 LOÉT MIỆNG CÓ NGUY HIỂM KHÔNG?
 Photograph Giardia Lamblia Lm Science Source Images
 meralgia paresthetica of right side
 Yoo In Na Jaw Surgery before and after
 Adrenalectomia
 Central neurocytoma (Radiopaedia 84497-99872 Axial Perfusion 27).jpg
--
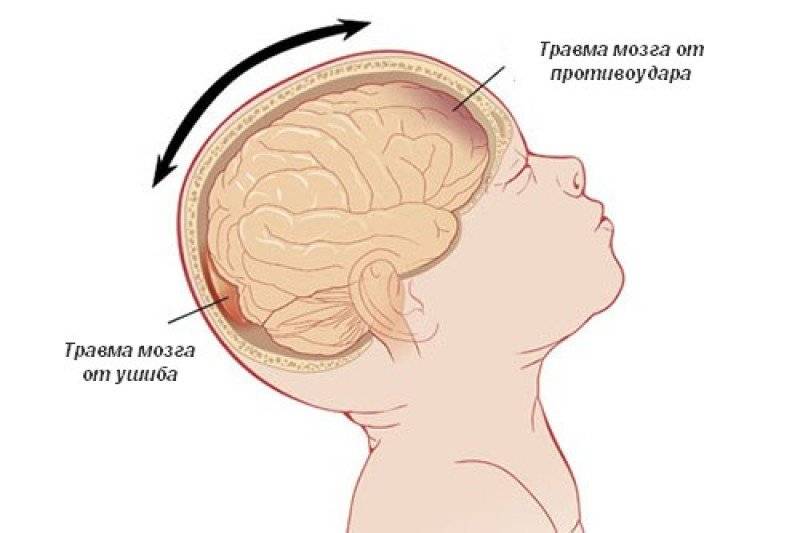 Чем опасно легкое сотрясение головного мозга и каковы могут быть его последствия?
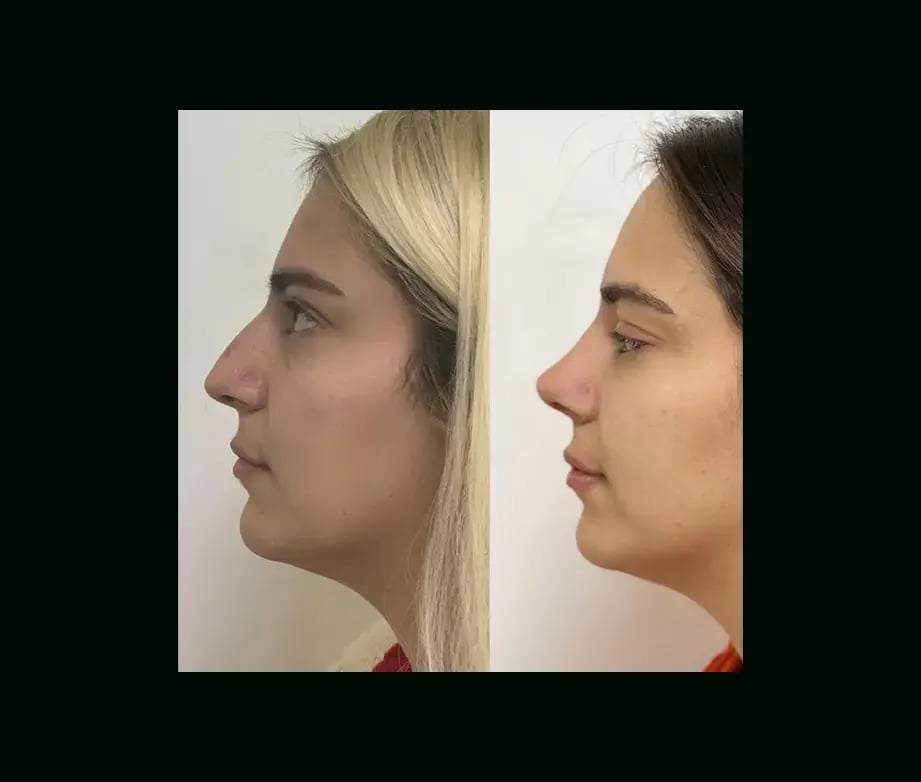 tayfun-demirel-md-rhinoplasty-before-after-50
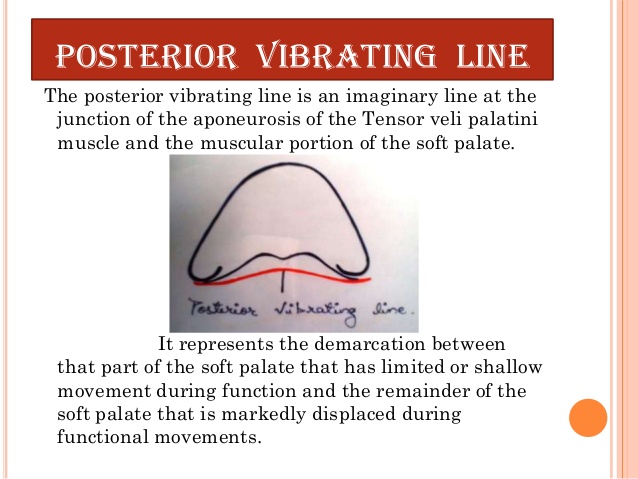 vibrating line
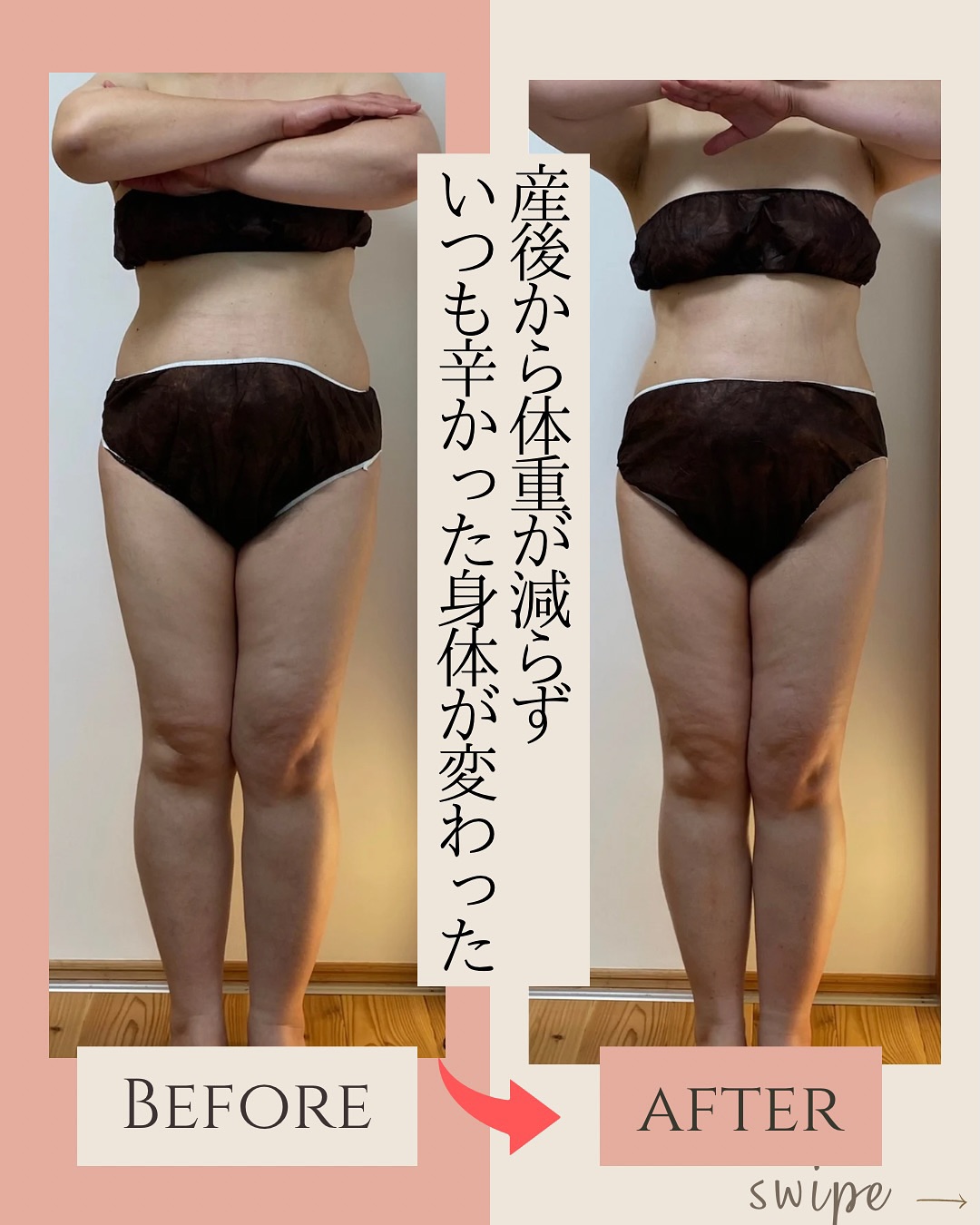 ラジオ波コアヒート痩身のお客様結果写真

## Task to complete
Return exactly the lines above from the line that has "LOÉT MIỆNG CÓ NGUY HIỂM KHÔNG?" through the line that has "Central neurocytoma (Radiopaedia", inclusive, and nothing else.

## Task result
 LOÉT MIỆNG CÓ NGUY HIỂM KHÔNG?
 Photograph Giardia Lamblia Lm Science Source Images
 meralgia paresthetica of right side
 Yoo In Na Jaw Surgery before and after
 Adrenalectomia
 Central neurocytoma (Radiopaedia 84497-99872 Axial Perfusion 27).jpg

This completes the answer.